Practical Phenomena of Musharakah backed Venture Capital

In realty, venture capital is a real business deal in which both parties venture capitalists (the venture capital company) and the financed company work together and share efforts and returns, because simply there is no gain without pain, where the rejection of riba (usury) begins.
Furthermore, the minimization of the use of banking services specially the loan facilities while moving towards investments companies, which offer asset backed risk sharing facilities based on Musharakah, may protect all parties involve in the venture better with sustainable results.
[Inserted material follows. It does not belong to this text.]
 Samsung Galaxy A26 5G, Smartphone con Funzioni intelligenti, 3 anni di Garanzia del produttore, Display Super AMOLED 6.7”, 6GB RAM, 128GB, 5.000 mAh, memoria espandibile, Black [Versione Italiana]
The following some steps are highlighted to be noted in an Islamic venture capital deal.

• the Company “Sharikah” is of a pharmaceuticals in nature, it has the relevant skills to develop a new type of product and has no enough capital to finance the project.
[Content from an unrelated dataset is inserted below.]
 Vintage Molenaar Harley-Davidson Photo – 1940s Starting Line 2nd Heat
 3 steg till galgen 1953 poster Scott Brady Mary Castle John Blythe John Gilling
• the company found a venture capital company, which is going to finance about 90% of the total cost based on Musharakah contract, and later on the profit or loss, which shall be divided according to the principle of Musharakah.

• After the establishment of the venture capital, and the investment opportunities identified, the venture capitalist has the right to monitor the investment and analyze it step by step to make sure the project is successful and beneficial for both parties.

• The contribution of the venture capital company can be converted into common stock, but it is not Islamic to be converted to preference stock, which allows its holder to receive fixed dividend and that is, resemblance to riba.

• The full amount of the agreed capital may not necessarily be provided at lump sum, but by progress payments as per the development of the project.

• The Board of Directors shall contain members from both the venture capitalist & the financed company as per mutual agreement.

• To minimize the risk, the venture capital firm can build a portfolio investment by investing in other companies (Diversification).

• After the project completion the recipient company has the chance to go for public upon satisfying the venture capitalist as per agreement.

• The profit earned from the project will be shared between the involved parties based on pre-determined ratios.

Final Remarks

Indeed, the the paradigm of Islamic venture capital is a timely for the benefit of the corporate Ummah in particular, as a mechanism for raising of funds through the use of the Islamically accepted concept of Musharakah. It may help to a sustainable development not only among the sectors of Muslim owned, but also non-muslim owned projects with much safe guard equally to economy, soci-cultural, human value with professionalism and personality & environmental.